---------- Dataset section ----------
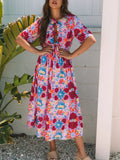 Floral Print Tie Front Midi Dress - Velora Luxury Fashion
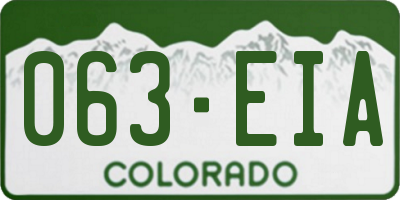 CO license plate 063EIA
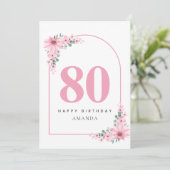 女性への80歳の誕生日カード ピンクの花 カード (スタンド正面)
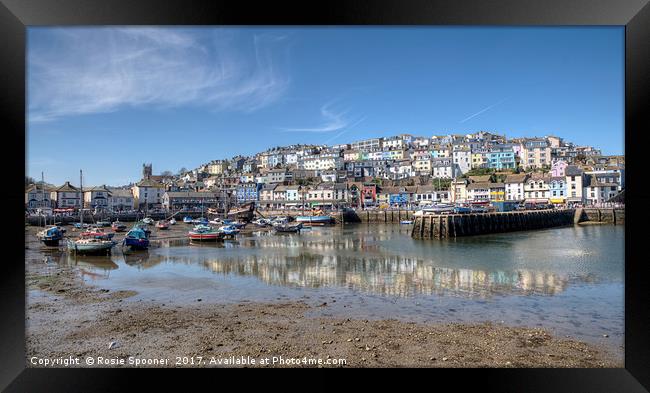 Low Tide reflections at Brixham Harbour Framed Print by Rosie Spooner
----------
Exercise description: Everything in the listing, except its images, should be set down exactly.

Exercise response:
 Floral Print Tie Front Midi Dress - Velora Luxury Fashion
 CO license plate 063EIA
 女性への80歳の誕生日カード ピンクの花 カード (スタンド正面)
 Low Tide reflections at Brixham Harbour Framed Print by Rosie Spooner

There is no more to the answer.